Spark Arrestor on the Ducting: Catches sparks, but it's vital to recognize that this alone can't completely prevent a fire.

Flame-Retardant Filter Media: Minimizes fire risk, but combustible dust might still cause these materials to burn.

Compliance with the specific regulations NFPA standards 652 and 484 is also essential for places producing combustible dust. These standards require a combustible dust hazard analysis (DHA) to evaluate the risk and define the necessary protections.

A detailed DHA must consider all components, such as the process machinery, dust collector, and more. It needs to be conducted by an engineer who knows the welding process and has support from a dust collection equipment supplier.

Maintaining Air Quality

The health risks linked to PM1 and PM2.5 particles vary depending on the materials used in welding, such as mild steel, aluminum, and galvanized metals. A thorough review, beginning with the Material Safety Data Sheet (MSDS), helps to pinpoint specific health dangers.

Adhering to the Occupational Safety and Health Administration (OSHA) guidelines is crucial. The permissible exposure limits (PELs) defined by OSHA, and found in the PEL tables, set the filtration efficiency standards for each dust collector. Be sure to focus on elements such as iron oxide, lead oxide, hex chrome, zinc, manganese, nickel, chromium, respirable dust, and total particulate.

Facilities that exhaust visible fumes outdoors must follow the monitoring requirements as per the EPA National Emission Standard for Hazardous Air Pollutants (NESHAP) Rule 6x. This rule applies specifically to materials containing certain levels of manganese, cadmium, chromium, lead, or nickel.

Dust and Fume Collector Design

An effective collection system should capture particles right at the source, then transport them through ducts to be filtered by a dust collector. It's vital to get the sizing right to avoid risks related to combustible dusts.

If a dust collector is undersized to save money, it can hinder airflow and suction. This can result in a dangerous buildup of combustible dust within the ducting. The correct sizing depends on various factors, including the power used in welding, the materials involved, automation of material handling, the size of the equipment, and the hours of operation.
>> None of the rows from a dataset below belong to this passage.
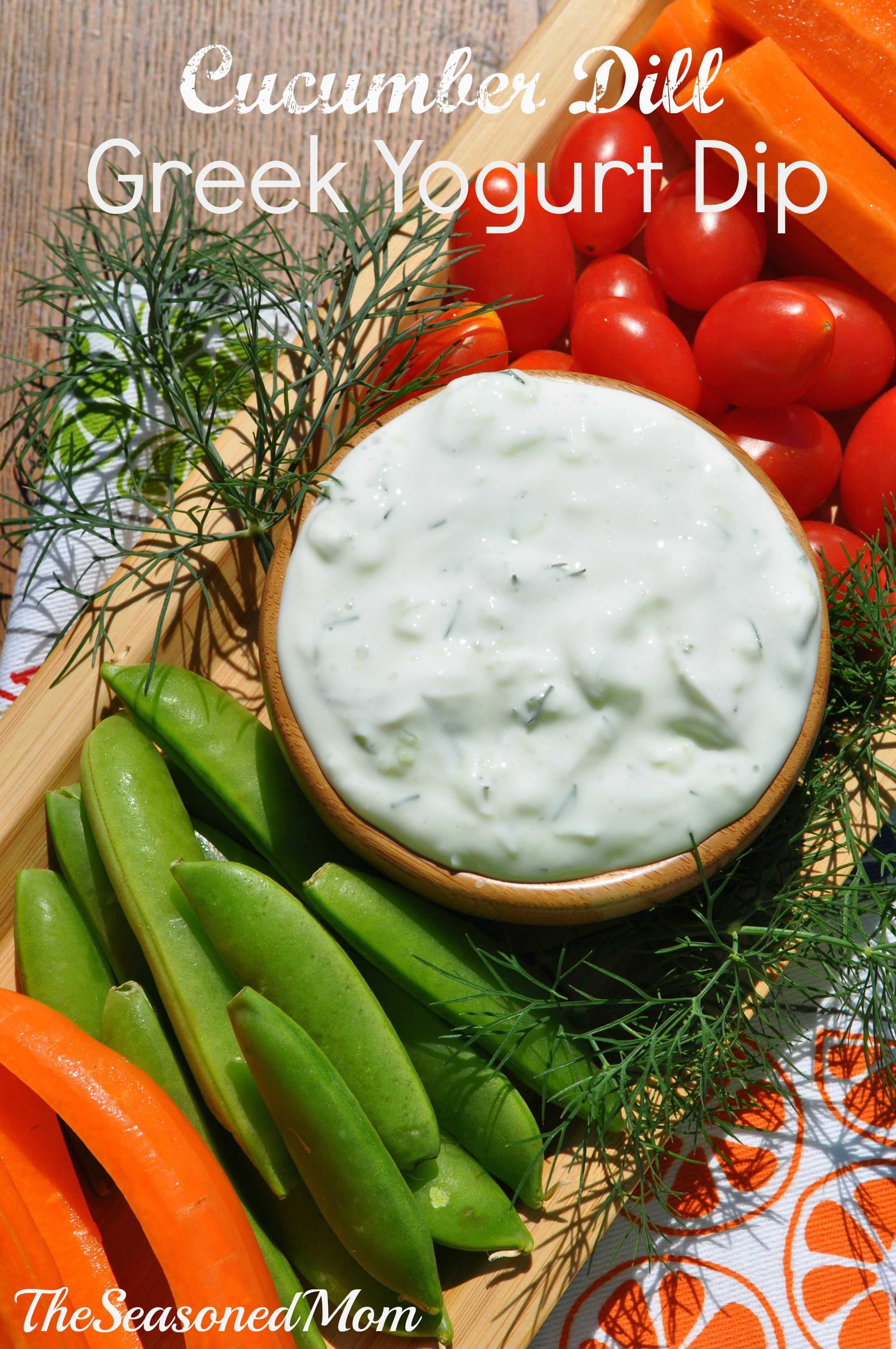 Cucumber Dill Greek Yogurt Dip - The Seasoned Mom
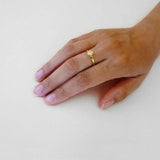 0.5ct Round Cut VVS1D Diamond Engagement Ring Solitaire 14k Yellow Gold Finish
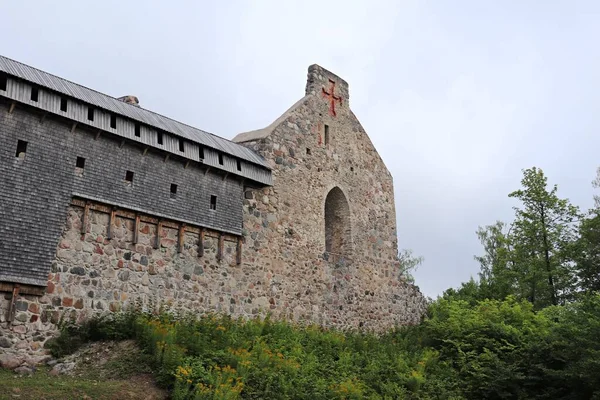 Old Castle Ruins City Sigulda Territory Latvia July 2019 — Stock Photo, Image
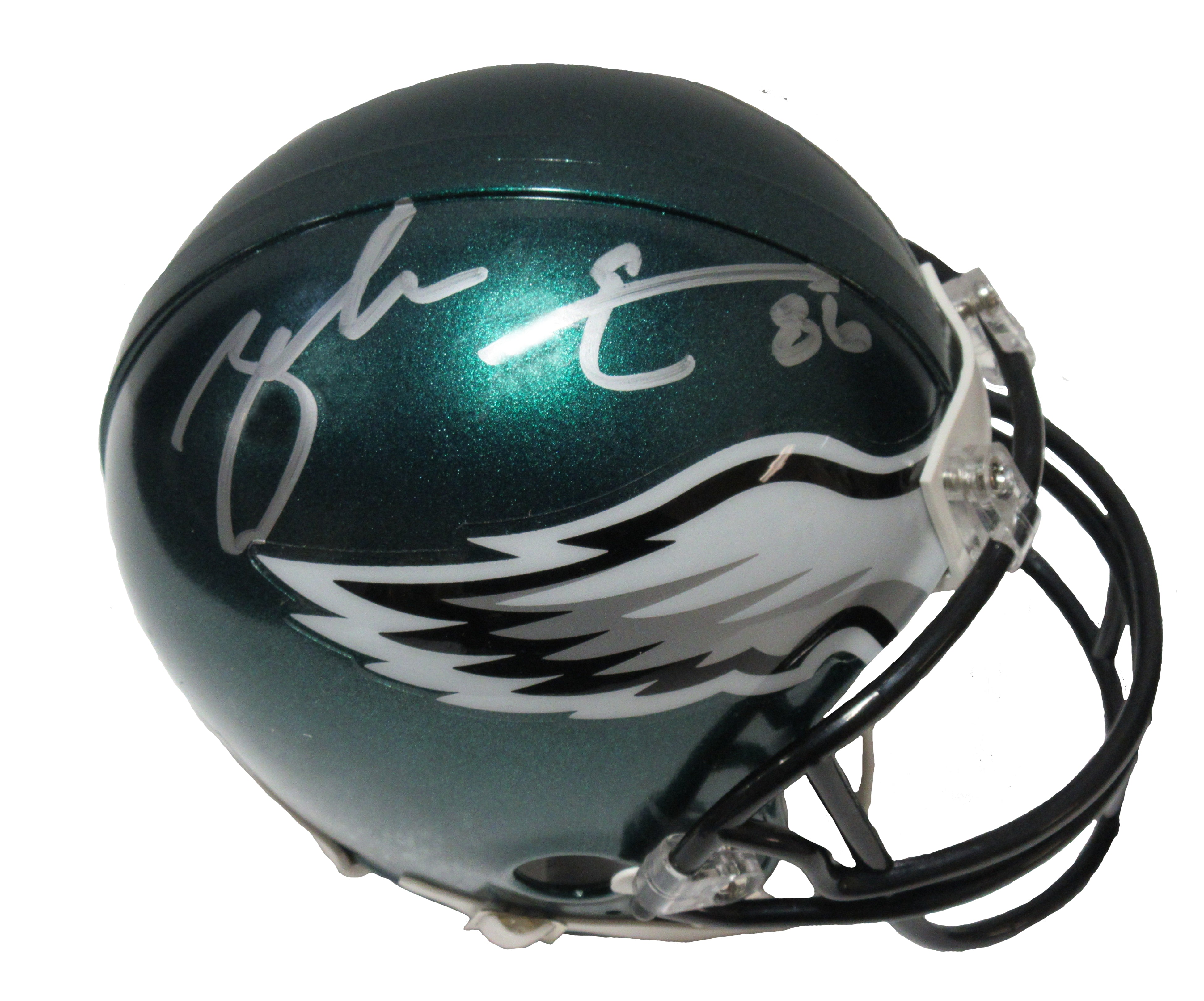 Zach Ertz Autographed Mini store Helmet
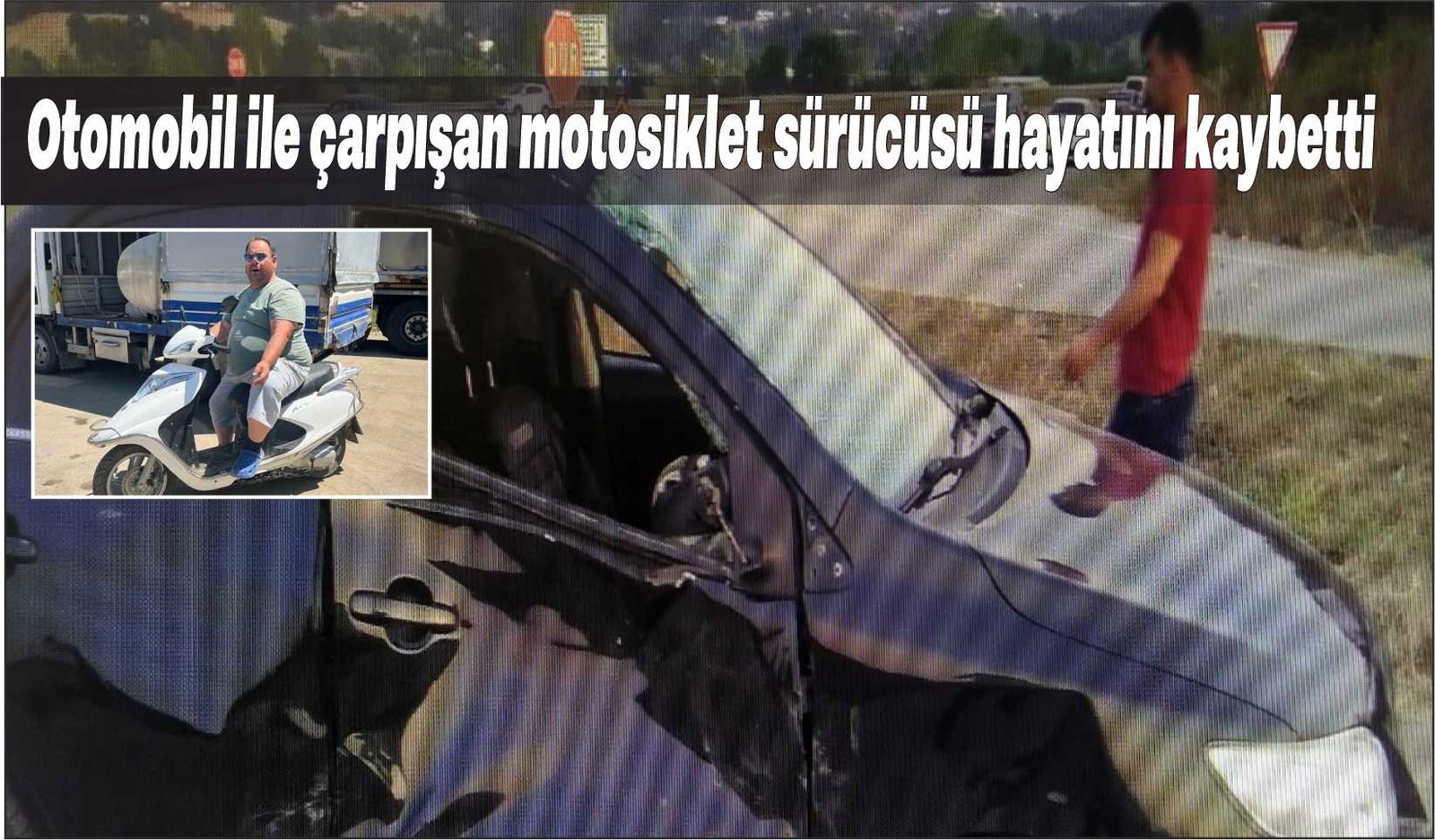 Otomobil ile çarpışan motosiklet sürücüsü hayatını kaybetti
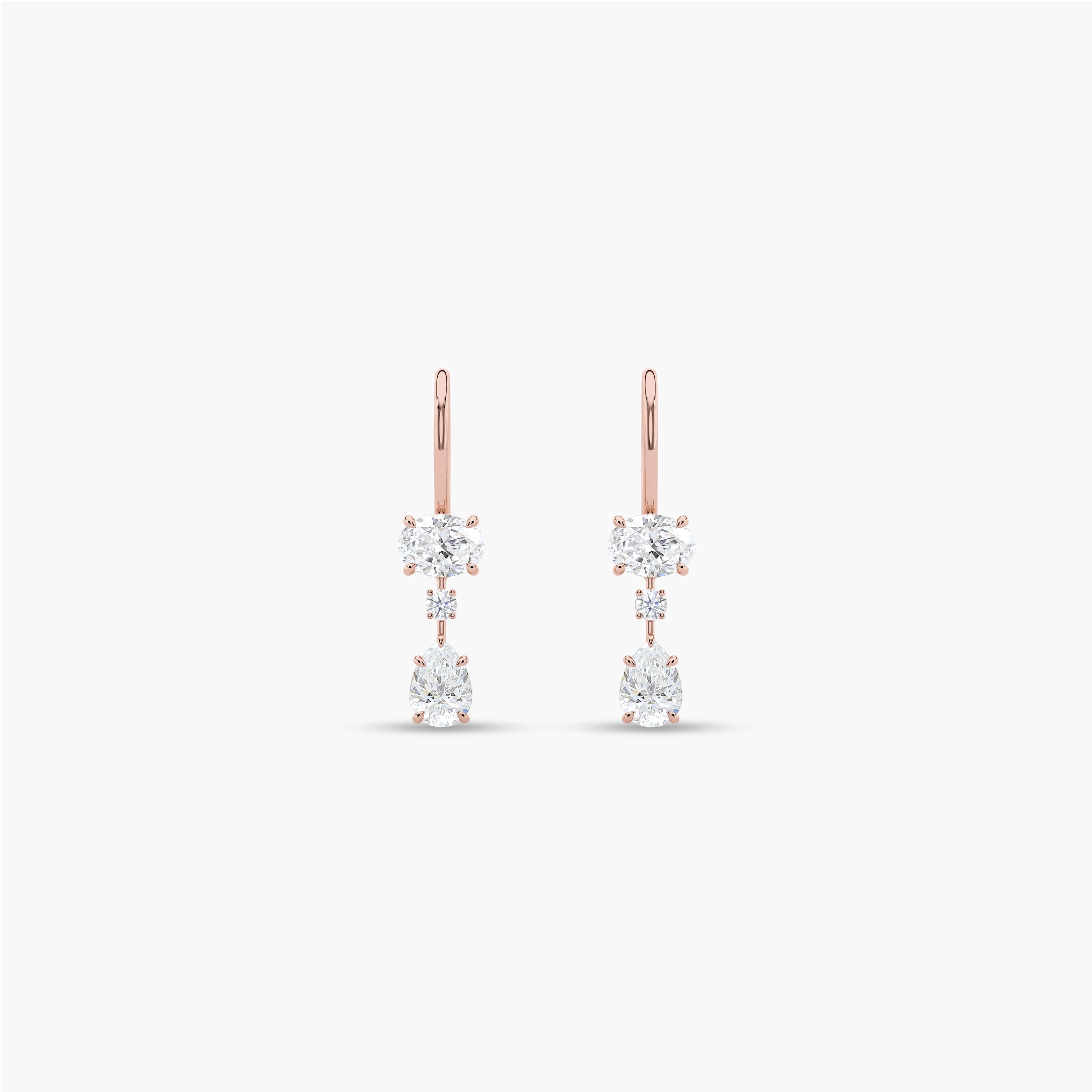 drop diamond earrings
Other important considerations in the design are:

Protecting Linear Scales: Ensuring they are shielded from dust.

Noise Control: Implementing exhaust silencers to minimize noise.

Fire and Explosion Prevention: This might necessitate the use of flame-retardant filters and vertically mounted filter cartridges.

Air Recirculation: When recirculating air back into the facility, integrated safety monitoring filters (iSMFs) are recommended.

By paying attention to these details, a dust and fume collection system can be both effective and safe.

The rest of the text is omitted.